Se è vero che Berlusconi e il berlusconismo, al netto della lotta tra alfaniani e lealisti, procedono verso l’ormai inesorabile declino, gli attuali schemi politici sono destinai a cambiare. A nessuno può essere sfuggito il fermento democristiano che coinvolge gli schieramenti in maniera trasversale. Da tempo, in molti, auspicano la rinascita di un grande centro, costituito non solo dai democristiani ma anche dalle componenti più moderate del centrodestra e del centrosinistra; in molti, tuttavia, sono anche ben consapevoli di come tale formazione potrebbe nascere e crescere esclusivamente nel caso in cui le ali dovessero subire un’estremizzazione. Il che, attualmente, non è del tutto probabile. Non dopo la larga fiducia ottenuta da Letta dopo che Berlusconi, con una retromarcia dell’ultimo minuto, ha deciso di votare contro i suoi convincimenti di un istante prima, mettendosi in minoranza nel suo stesso partito. Abbiamo chiesto al sondaggista Arnaldo Ferrari Nasi che scenari si prefigurano.

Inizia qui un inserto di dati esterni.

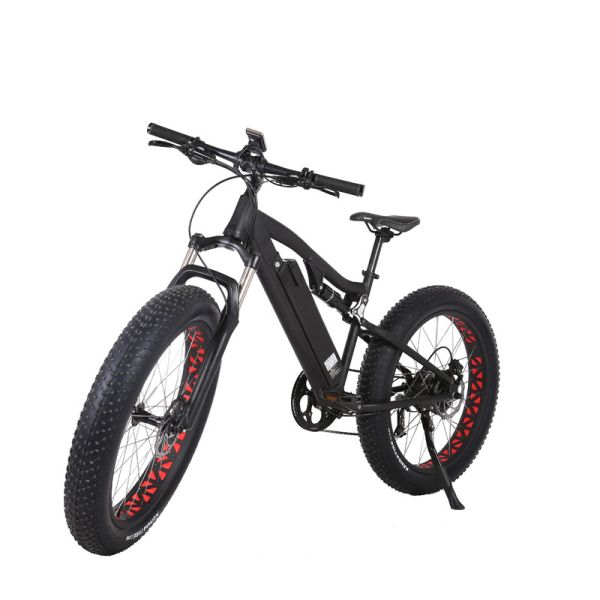 Electric Fat Tyre Mountain Bike 26 Inch Wheel 48v 500w 750w 1000w E Bike for Adult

Come si modifica il panorama politico?

Di sicuro, ci sarà una ricomposizione dei partiti.

Quando?

Nella terza Repubblica. Ora non ci siamo ancora. Siamo in una fase di transizione, paragonabile a quella che intercorse tra il ’92 e il ’94.

Cosa cambierà, in particolare?

La prima Repubblica fu il periodo delle ideologie. La seconda, si costituì in contrapposizione alla prima, e fece dell’assenza delle ideologie il suo vanto. Nella terza fase, considerando la forte delusione prodotta dai partiti a leadership carismatica, la situazione non potrà restare invariata. Con ogni probabilità, ci sarà un ritorno di alcune delle ideologie classiche del ‘900 – cattolica, liberale, socialista, destra liberale -, magari mitigate.



Cosa ne sarà, anzitutto, del Pd e del Pdl? Si trasformeranno in un partito socialdemocratico e in uno popolare?

Tutto sommato, il Pd è già un partito socialdemocratico. E il Pdl è popolare. Diciamo che diventeranno, emendati dei rispettivi difetti, due partiti seri, maturi. Quel che è certo, è che si consoliderà la tendenza al bipolarismo, e ad emarginare le ali estreme, cosa che nella seconda Repubblica non è stata fatta. Si tratterà di partiti, inoltre, che sopravviveranno al proprio leader.

Potrebbe nascere un grande centro?

Questo era verosimile prima della fiducia a Letta, quando in molti avevano ipotizzato la costituzione di gruppi autonomi; anche la composizione del governo, dove pullulano gli ex democristiani, inducevano a pensarlo. Oggi, tuttavia, considerando che l’esecutivo durerà ancora non poco, e che non ci sono più movimenti centrifughi, la creazione di un grande centro in cui confluiscano tradizioni politiche differenti è destinata a fare la fine della formazione di Fini. Casomai, all’interno di uno schema bipolare in cui si ritorni alle ideologie della prima Repubblica, verosimilmente potrà crearsi un partito democristiano. Intendo dire, un partito costituito da tutti gli ex Dc che, a quel punto, tornerebbero a far parte di un’unica formazione.



 

Quanto prenderebbe un partito del genere?

Si collocherebbe attorno all’8 per cento. Tanti sono i cattolici che, potenzialmente, sarebbero interessati a votare un partito così. Analogo fenomeno potrebbe avvenire tra gli ex socialisti.

 

Ci spieghi.

Attualmente sono dispersi da un estremo all’altro del Parlamento, esattamente come gli ex democristiani. Potrebbero, quindi, ricomporsi in un solo partito.